Define What Winning Looks Like


Overview

Workshop 1 is where you establish the strategic foundation for your entire Trigger Map. You'll define both your aspirational vision and concrete measurable objectives that prove you're succeeding.

Duration: 15-20 minutes
Format: Conversational with Saga
Output: Vision statement + 3-5 strategic objectives


Understanding the Two Levels

Business goals work on two distinct levels:

1. Vision (Visionary Statements)

What it is:

  • Aspirational and motivational
  • Grand ambitions that reflect focus and direction
  • Not exact or measurable
  • Examples: "Be the best," "Fastest in market," "Top of mind"

Characteristics:

  • Easy to set, hard to measure
  • Provides the "why" and emotional drive
  • Inspires and motivates the team
  • Gives direction without rigid constraints

2. Strategic Objectives

What it is:

  • Specific and measurable (expressed using SMART method)
  • Observable evidence that vision is being realized
  • Concrete milestones you can track
  • Examples: "10,000 users by Q4," "70% retention rate"

Characteristics:

  • Harder to set, easy to measure
  • Provides the "what" and accountability
  • Enables progress tracking
  • Creates clear success criteria

Why both matter: Visionary statements provide motivation and direction. Objectives provide accountability and proof of progress. Together they create both inspiration and measurement.


The Workshop Flow

Step 1: Start with Vision

Capture the grand ambition:

  • What's the aspirational future state?
  • What motivates the team?
  • What's the "why" behind this project?
  • Don't worry about exact measurement yet

Example: "Make remote work sustainable and healthy for distributed teams"
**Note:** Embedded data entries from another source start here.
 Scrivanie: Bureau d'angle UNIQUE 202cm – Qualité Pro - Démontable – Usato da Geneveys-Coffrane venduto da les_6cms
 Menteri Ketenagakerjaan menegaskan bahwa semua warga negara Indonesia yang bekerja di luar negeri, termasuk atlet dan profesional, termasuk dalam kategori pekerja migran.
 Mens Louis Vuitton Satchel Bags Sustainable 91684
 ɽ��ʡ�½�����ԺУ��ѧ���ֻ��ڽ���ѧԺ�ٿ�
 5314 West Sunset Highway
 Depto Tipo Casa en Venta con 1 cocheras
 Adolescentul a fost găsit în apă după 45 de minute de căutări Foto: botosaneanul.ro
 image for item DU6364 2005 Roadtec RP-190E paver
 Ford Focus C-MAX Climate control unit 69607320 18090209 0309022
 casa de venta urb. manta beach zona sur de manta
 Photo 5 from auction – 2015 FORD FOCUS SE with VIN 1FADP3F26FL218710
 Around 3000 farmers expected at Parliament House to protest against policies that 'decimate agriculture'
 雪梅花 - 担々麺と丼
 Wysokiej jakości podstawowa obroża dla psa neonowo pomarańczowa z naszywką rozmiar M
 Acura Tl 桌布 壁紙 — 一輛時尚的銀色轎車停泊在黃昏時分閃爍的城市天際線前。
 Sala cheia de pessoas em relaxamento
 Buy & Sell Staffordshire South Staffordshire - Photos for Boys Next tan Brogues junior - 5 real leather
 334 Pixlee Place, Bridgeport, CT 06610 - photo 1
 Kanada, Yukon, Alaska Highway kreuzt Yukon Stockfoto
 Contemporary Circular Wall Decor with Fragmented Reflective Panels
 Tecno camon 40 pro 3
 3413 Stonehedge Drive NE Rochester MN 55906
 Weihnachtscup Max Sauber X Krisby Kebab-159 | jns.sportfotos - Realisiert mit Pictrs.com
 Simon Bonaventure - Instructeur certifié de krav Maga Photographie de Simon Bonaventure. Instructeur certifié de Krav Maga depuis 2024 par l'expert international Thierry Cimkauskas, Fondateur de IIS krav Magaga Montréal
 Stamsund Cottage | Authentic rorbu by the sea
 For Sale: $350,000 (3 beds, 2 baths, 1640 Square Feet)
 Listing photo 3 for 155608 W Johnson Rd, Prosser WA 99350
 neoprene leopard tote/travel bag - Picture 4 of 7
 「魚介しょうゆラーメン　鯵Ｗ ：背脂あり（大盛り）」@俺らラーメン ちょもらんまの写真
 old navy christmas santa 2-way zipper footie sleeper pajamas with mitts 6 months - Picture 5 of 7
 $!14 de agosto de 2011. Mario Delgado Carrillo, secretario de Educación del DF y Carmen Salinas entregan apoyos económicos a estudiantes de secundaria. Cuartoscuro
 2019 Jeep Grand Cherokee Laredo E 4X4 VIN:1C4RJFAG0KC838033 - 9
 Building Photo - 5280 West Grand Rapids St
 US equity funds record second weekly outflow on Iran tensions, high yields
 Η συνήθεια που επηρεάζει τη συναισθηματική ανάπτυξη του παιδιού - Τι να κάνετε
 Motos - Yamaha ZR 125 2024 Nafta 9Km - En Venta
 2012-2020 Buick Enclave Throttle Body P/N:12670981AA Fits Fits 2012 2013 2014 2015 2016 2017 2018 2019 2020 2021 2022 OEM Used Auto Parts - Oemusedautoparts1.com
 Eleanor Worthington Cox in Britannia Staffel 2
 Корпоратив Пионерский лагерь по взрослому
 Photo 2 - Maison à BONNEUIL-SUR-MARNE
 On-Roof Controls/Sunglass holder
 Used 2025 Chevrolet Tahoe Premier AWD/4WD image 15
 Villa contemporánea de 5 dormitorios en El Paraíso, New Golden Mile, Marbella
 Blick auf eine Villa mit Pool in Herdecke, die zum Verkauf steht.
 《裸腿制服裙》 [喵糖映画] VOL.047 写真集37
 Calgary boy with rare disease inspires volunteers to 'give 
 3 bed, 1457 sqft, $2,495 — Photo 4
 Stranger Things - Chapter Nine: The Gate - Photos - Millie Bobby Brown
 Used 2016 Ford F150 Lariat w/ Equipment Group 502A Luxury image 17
Step 2: Ask "What Will We Observe?"

Bridge from soft to hard goals:

  • When this vision is being realized, what will we see in the world?
  • What measurable evidence proves we're succeeding?
  • What observable changes indicate progress?

This is the critical bridging question that transforms aspiration into measurable reality.

Example: "When remote work is sustainable and healthy, we'll observe teams using tools daily, staying engaged long-term, and growing their usage. We'll see business metrics that prove the model works."

Step 3: Define Strategic Objectives

Transform observations into specific goals:

  • 3-5 concrete objectives
  • Each expressed using SMART method (Specific, Measurable, Achievable, Relevant, Time-bound)
  • Focus on what's truly measurable
  • Set realistic timeframes

See SMART Method Reference for detailed guidance on creating strategic objectives.

Example:

  1. Achieve 5,000 active teams by Q4 2024
  2. Increase average session time to 15 minutes daily
  3. Reach 70% weekly retention rate
  4. Generate $50K MRR by end of year

Key Questions Saga Asks

For Vision (Visionary Statements)

  • "What's the grand ambition behind this project?"
  • "What does 'winning' look like at the highest level?"
  • "What vision motivates your team?"
  • "Why does this project matter?"

Bridging to Objectives

  • "When this vision is being realized, what will we observe in the world?"
  • "What measurable evidence would prove you're succeeding?"
  • "What would we see that indicates progress toward this vision?"

For Strategic Objectives (using SMART method)

  • "What specific, measurable outcomes would prove success?"
  • "By when do you need to achieve these objectives?"
  • "How will you measure progress?"
  • "What counts as 'active' or 'successful' in your context?"

Generic Example Walkthrough

Vision (Soft Goal)

"Make remote work sustainable and healthy for distributed teams"

Why this works:

  • Aspirational and motivating
  • Clear direction without rigid constraints
  • Easy to communicate and remember
  • Inspires the team

Bridging Question

"When remote work is sustainable and healthy, what will we observe?"

Observations:

  • Teams using our solution daily
  • High retention rates (people stay)
  • Growing usage patterns
  • Sustainable business model (revenue)

Strategic Objectives (using SMART method)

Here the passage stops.